Neue Missbrauchsstudie: „Wir wollen Klarheit und Transparenz“
Die Deutsche Bischofskonferenz
gibt erneut eine Erforschung von sexuellem Missbrauch durch Kleriker in Auftrag. Bei
einer Pressekonferenz in Bonn stellte der Missbrauchsbeauftragte, der Trierer Bischof
Stephan Ackermann, das Projekt vor. Der Auftrag geht wie angekündigt an einen interdisziplinären
Forschungsverbund, dem unter anderem Mediziner, Psychiater, Sozialwissenschaftkler
und Kriminologen angehören, man wolle Sachverstand aus den verschiedensten Bereichen,
so Bischof Ackermann. Geleitet wird das Projekt von Harald Dreßling vom Zentralinstitut
für Seelische Gesundheit in Mannheim als Koordinator. Drei wesenliche Punkte wolle
man erreichen, so Bischof Ackermann:
„Erstens geht es uns um eine Erhebung
quantitativer Daten zur Auftretenshäufigkeit und zum Umgang mit sexuellen Missbrauchshandlungen
an Minderjährigen im Bereich der Deutschen Bischofskonferenz. Es soll zweitens neben
der quantitativen auch eine qualitative Analyse institutioneller Einflüsse im Sinne
einer Täter-Opfer-Institutionen-Dynamik geben, das heißt wir wollen eine vertiefte
Einsicht in das Vorgehen der Täter und über das Verhalten von Kirchenverantwortlichen
in den zurückliegenden Jahrzehnten erhalten. Und schließlich soll es drittens eine
Zusammenführung bereits vorliegender nationaler und internationaler empirischer Befunde
und Studienergebnisse mit den in unserem Projekt gewonnenen Erkenntnissen geben. Es
gibt ja eine Reihe von Ergebnissen, die schon da sind, und ich glaube, dass es interessant
ist, wenn man das miteinander vergleichen kann.“
Man wolle „Klarheit und
Transparenz“ über diese „dunkle Seite“ der Kirche - um der Opfer willen, aber auch
um der Prävention willen, so Ackermann. Am 28. August des letzten Jahres war das Projekt
von der Deutschen Bischofskonferenz ausgeschrieben worden, insgesamt drei Forschungsverbünde
mit insgesamt 22 Wissenschaftlerinnen und Wissenschaftlern hatten sich beworben. Die
Frühjahrs-Vollversammlung in Münster traf dann unlängst die Entscheidung.
„Wir
alle haben die erschütternden Fälle sexuellen Missbrauchs, die im Jahr 2010 bekannt
wurden und das Vertrauen der Öffentlichkeit in die katholische Kirche zutiefst beschädigt
haben, sehr wohl in Erinnerung. Als wir Bischöfe während der Frühjahrsvollversammlung
[2010] in Freiburg eine erste gründliche Aussprache über diese Enthüllungen führten,
haben wir in der Erklärung am Ende dieser Vollversammlung Folgendes als erstes Ziel
formuliert: Es geht darum, die Wahrheit aufzudecken. Wir wollen eine ehrliche Aufklärung,
frei von falscher Rücksichtnahme, auch wenn uns Vorfälle gemeldet werden, die schon
lange zurück liegen. Die Opfer haben ein Recht darauf.“
Der Leiter
des neuen Projektes Harald Dreßing erklärte, Ziel der auf dreieinhalb Jahre angelegten
Studie sei es, „den sexuellen Missbrauch innerhalb der katholischen Kirche sowohl
für die Betroffenen als auch für die Öffentlichkeit so transparent wie möglich aufzuarbeiten.

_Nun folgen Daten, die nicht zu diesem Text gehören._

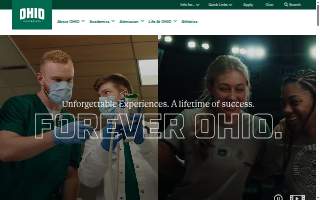 Ohio Center for Pediatrics - Central Ohio Primary Care website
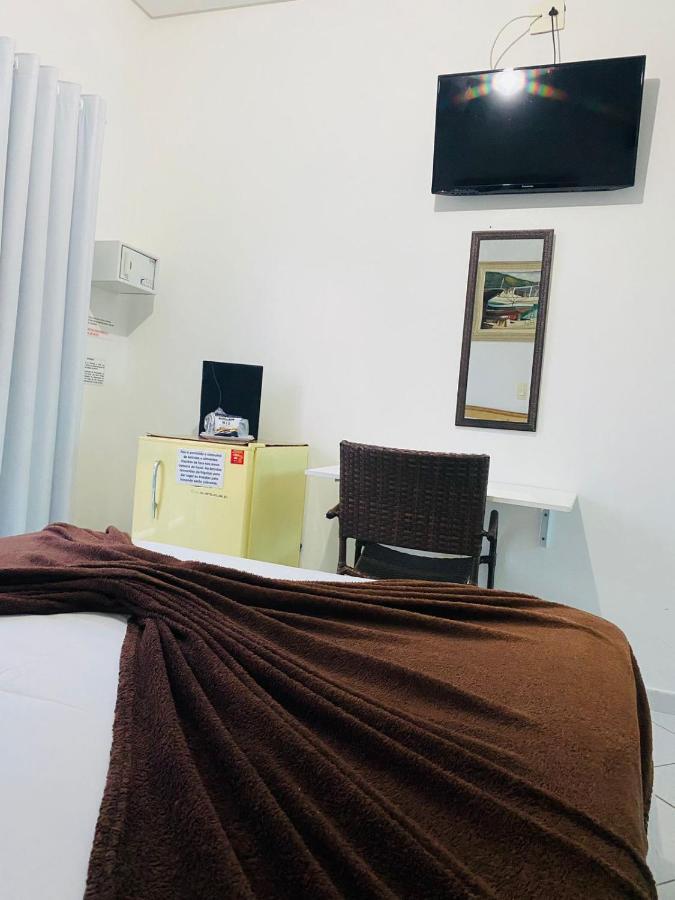 Hotel Palmar グァルジャー エクステリア 写真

Im Rahmen eines modularen Projektablaufs sollen dabei nicht nur Daten aus Kirchenarchiven
ausgewertet werden, sondern es werden auch externe Datenquellen einbezogen, die eine
vergleichende Analyse mit anderen Formen des institutionellen Missbrauchs ermöglichen.“
Die Erfahrungen der Opfer sollen schon bei der Entwicklung der Forschungsinstrumente,
aber auch bei der Interpretation der Ergebnisse durch Einrichtung eines Beirats von
Anfang an miteinbezogen werden: „Dieser Beirat wird Betroffene und Wissenschaftler
sowie Vertreter der Kirche umfassen. Er soll das Projekt wissenschaftlich und ethisch
begleiten,“ so Dreßing.
Der zweite Versuch
Ein erster
Versuch der wissenschaftlichen Erforschung war im Januar 2013 gescheitert. Das vom
Kriminologischen Forschungsinstitut Niedersachsen 2011 begonnene Forschungsprojekt
sollte durch umfangreiche Aktenstudien belastbare Zahlen zum Missbrauch erbringen,
den Verlauf der Taten aus der Sicht der Opfer nachvollziehen, das Handeln der Täter
analysieren und klären, wie sich die Kirche gegenüber Tätern und Opfern verhalten
hat. Dazu sollte das KFN möglichst viele Personalakten der 27 deutschen Bistümer untersuchen.
Doch es kam zum Zerwürfnis: Das Vertrauensverhältnis sei zerrüttet, hieß es 2013 bei
der Bischofskonferenz. Man habe sich nicht auf die Untersuchungsmethoden einigen können.
Dem Projektleiter Christian Pfeiffer wurden Sprunghaftigkeit und mangelnde Seriosität
vorgeworfen. Allerdings gab es auch kirchenintern erhebliche Widerstände gegen das
Projekt. Das „Netzwerk katholischer Priester" etwa kritisierte fehlenden Datenschutz
wegen der Akteneinsicht für Pfeiffer und verwies auf den im Kirchenrecht vorgesehenen
Umgang mit Akten.
Nach dem Scheitern des ersten Versuches war sofort ein zweiter
Anlauf angekündigt worden, schon damals war ein Forscherverbund ins Auge gefasst worden.